Fix: isolate the test environment. If full isolation is not possible, run during off-hours and monitor for external workloads throughout the test window.

Not Disabling Auto-Scaling During Baseline Tests

Symptom: the load ramps up, auto-scaling fires at minute 3, new nodes come online, latency drops — and the client concludes the system handles the load fine.

Impact: the test measured auto-scaling reaction time, not steady-state capacity of the initial configuration.

Fix: for baseline capacity tests, disable auto-scaling. Measure the capacity of the fixed configuration. Then run a second test with auto-scaling enabled to measure scale-out behaviour. Report both separately.

Missing Downstream Dependencies

Symptom: client tests the web tier but the payment service, email provider, or internal microservice is not included or is mocked.

Impact: downstream service latency and rate limits are invisible. Production performance will be worse than test.

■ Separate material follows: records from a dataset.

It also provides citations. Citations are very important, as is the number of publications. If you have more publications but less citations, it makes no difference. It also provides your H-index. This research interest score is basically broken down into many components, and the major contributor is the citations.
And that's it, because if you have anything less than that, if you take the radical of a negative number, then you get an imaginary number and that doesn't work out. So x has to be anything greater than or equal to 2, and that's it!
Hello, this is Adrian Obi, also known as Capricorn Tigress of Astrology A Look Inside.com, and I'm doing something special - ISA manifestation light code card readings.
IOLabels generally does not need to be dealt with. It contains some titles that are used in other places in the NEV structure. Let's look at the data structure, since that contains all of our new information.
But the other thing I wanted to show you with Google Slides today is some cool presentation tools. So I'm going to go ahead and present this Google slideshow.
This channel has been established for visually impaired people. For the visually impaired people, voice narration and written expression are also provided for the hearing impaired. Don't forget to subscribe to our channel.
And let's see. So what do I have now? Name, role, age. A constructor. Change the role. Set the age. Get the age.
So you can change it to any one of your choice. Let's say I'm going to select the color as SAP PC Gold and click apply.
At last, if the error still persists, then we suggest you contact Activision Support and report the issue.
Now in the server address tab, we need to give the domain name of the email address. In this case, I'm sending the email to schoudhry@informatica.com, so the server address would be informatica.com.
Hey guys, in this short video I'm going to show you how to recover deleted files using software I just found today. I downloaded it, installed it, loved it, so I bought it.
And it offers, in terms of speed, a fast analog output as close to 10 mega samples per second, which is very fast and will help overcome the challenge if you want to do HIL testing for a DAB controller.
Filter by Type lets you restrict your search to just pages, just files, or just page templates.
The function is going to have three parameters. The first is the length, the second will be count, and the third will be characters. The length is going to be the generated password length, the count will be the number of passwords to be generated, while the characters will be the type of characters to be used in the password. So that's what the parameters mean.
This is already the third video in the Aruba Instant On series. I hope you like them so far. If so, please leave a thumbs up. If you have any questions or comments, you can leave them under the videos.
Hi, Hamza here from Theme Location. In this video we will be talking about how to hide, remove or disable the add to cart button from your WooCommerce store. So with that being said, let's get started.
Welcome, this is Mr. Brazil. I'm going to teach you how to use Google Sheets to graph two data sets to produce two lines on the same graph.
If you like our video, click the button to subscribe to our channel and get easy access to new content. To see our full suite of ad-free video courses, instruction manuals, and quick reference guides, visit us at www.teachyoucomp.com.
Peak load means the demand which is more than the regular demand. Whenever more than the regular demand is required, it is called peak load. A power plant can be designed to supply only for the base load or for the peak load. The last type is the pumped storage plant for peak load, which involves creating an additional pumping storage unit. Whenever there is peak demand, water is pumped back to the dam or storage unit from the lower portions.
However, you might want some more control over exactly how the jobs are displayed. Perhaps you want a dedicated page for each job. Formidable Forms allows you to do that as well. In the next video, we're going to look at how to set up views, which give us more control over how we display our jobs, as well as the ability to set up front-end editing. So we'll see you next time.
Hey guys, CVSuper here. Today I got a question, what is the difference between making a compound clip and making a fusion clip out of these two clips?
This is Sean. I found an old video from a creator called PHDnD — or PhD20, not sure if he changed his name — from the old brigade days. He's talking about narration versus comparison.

Fix: map all synchronous downstream calls before scripting. Either include them in the test (preferred) or explicitly document what was mocked and what the production latency assumptions are.

Confusing Think Time with Response Time

Symptom: client Jira ticket says "we need to support 10,000 concurrent users" but analytics show peak concurrent sessions of 10,000 where average session involves one request every 30 seconds.

Impact: the test is designed for 10,000 concurrent active requests, which implies 10,000 RPS — orders of magnitude above actual load.

Fix: convert session concurrency to RPS using Little's Law. 10,000 users making one request per 30 seconds = 333 RPS. That is the load target.

Reporting Mean Latency Instead of Percentiles

Symptom: the test report shows "average response time: 450ms."

Impact: mean latency is dominated by the majority of fast requests and hides the long tail. A p99 of 8 seconds is invisible behind a 450ms mean if only 1% of requests are slow.

Fix: always report p50, p95, p99, and max. Plot latency over time (not just end-of-test aggregates). The p99 is what your worst-served users experience; the max reveals outliers (GC pauses, cold starts, lock contention).

Consultant Checklist

Before test execution:

Infrastructure inventory received and reviewed
Test environment ratio documented (e.g., ratio = 0.25)
Load targets derived from business requirements, not guesses
Concurrent users converted to RPS via Little's Law
CDN bypass or pass-through decision made and documented
Auto-scaling configuration confirmed (enabled or disabled, documented)
Database connection limits verified against pool configuration
Shared infrastructure identified and flagged
Downstream dependencies mapped — included or mocked, documented

After test execution:

Results reported at p50 / p95 / p99 / max — not mean
Bottleneck tier identified (CPU, memory, connections, I/O)
Scale-up vs scale-out recommendation made with cost estimate
Headroom calculation shown (target load / saturation point, * 1.43)
Connection pool sizing recommendation included if relevant
CDN cache hit ratio reported alongside latency numbers
Test environment ratio applied to project results to production scale
Soak test resource exhaustion findings summarised with remediation steps

Connections

technical-qa/jmeter — primary tool for generating the load that feeds capacity planning data
technical-qa/load-testing-advanced — advanced load scenario design (soak, spike, stress) referenced in this playbook
technical-qa/performance-testing — test type taxonomy and NFR acceptance criteria
technical-qa/api-performance-testing — API-specific measurement patterns for latency and throughput
technical-qa/tqa-hub — central index for all technical QA pages
qa/test-environments — environment provisioning and production parity decisions

Open Questions

Does the HikariCP connection pool formula (core_count * 2 + spindle_count) still hold as a reasonable starting point for NVMe-backed cloud databases, or has the recommended formula shifted?
What is the practical threshold at which PgBouncer transaction-mode pooling introduces measurable latency overhead relative to direct connections?
How should the 70% utilisation headroom rule be adjusted for auto-scaling groups with sub-60-second scale-out times?